4. Watch for Rate Updating Clauses

Check the fine print. See whether the insurance companies you are considering reserve the contractual right to arbitrarily update their base rates on the renewal date. You want a policy with predictable, transparent pricing.

5. Analyze the Exclusions

Insurance must be adapted to your lifestyle. Pre-existing diseases are usually excluded. However, if your hobbies include participating in amateur speed races, skydiving, or extreme sports, you must ensure these activities are not hidden in the policy’s list of excluded risks.

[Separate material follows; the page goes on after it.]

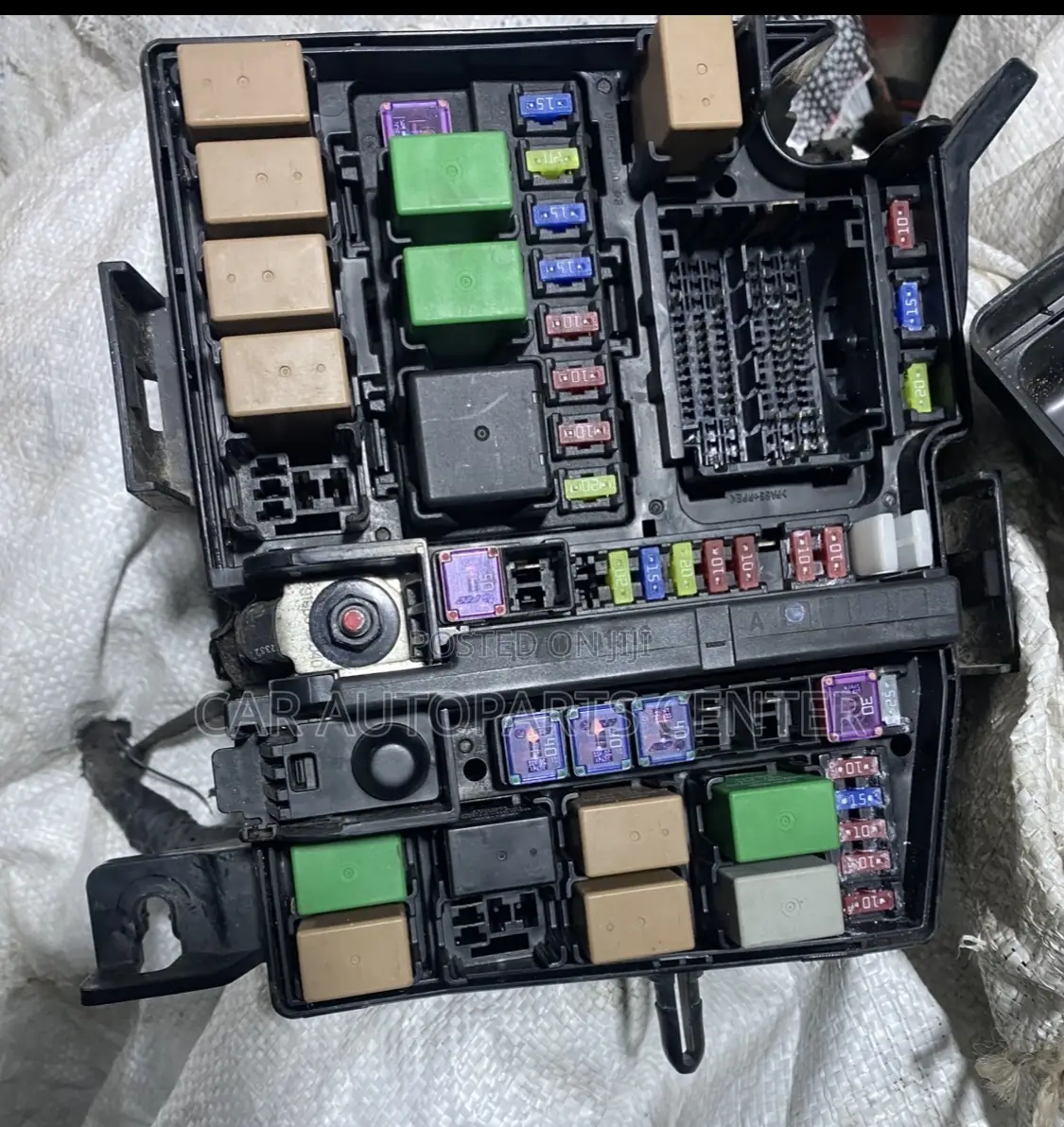 Hyundai Sonata Engine Fusebox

6. Understand the Insured Capital Updates

When you take out life insurance linked to a mortgage, the insured capital must match the amount you owe the bank. As you pay your mortgage every month, your debt decreases.
Your new insurance policy can be set up to update this capital automatically to match the exact debt, which lowers your premium over time. Alternatively, you can keep the insured capital fixed at the original loan amount. In that scenario, if you pass away when you only owe €50,000 but the policy is for €200,000, the insurer pays the bank €50,000 and gives the remaining €150,000 in cash directly to your heirs.

Step-by-Step: How to Transfer Your Life Insurance

Changing your home loan life insurance doesn’t have to be complicated. Once you have found a better policy with an external insurer, follow these simple steps:

  1. Sign the New Policy First: Ensure your new life insurance contract is officially approved and active.
  2. Cancel the Old Policy: You must formally cancel the insurance you signed with the bank via a registered letter sent to the insurance company. By law, you must do this at least 30 days in advance of the policy’s annual renewal date.
  3. Inform the Bank: You must inform your bank of the change by delivering a copy of the cancellation letter and providing them with the official Apólice (policy document) of your new contract, proving the house is still protected.
  4. Stop the Payments: Finally, do not forget to cancel the direct debit authorization (Débito Direto) for your old insurance at the ATM or via your home banking app!

💡 A Financial Tip from the Folime Team:
You do not have to navigate this bureaucracy alone. If you want to switch your mortgage insurance, contact an independent insurance broker. They will not only run free simulations across multiple companies to find you the best rate, but they will also handle all the cancellation letters and bank communications on your behalf!


Disclaimer: The information provided in this article by Folime is for educational and financial planning purposes only. It does not constitute formal financial, legal, or insurance advice. Always carefully read the specific terms, conditions, and exclusions (Condições Gerais) of any insurance contract before signing.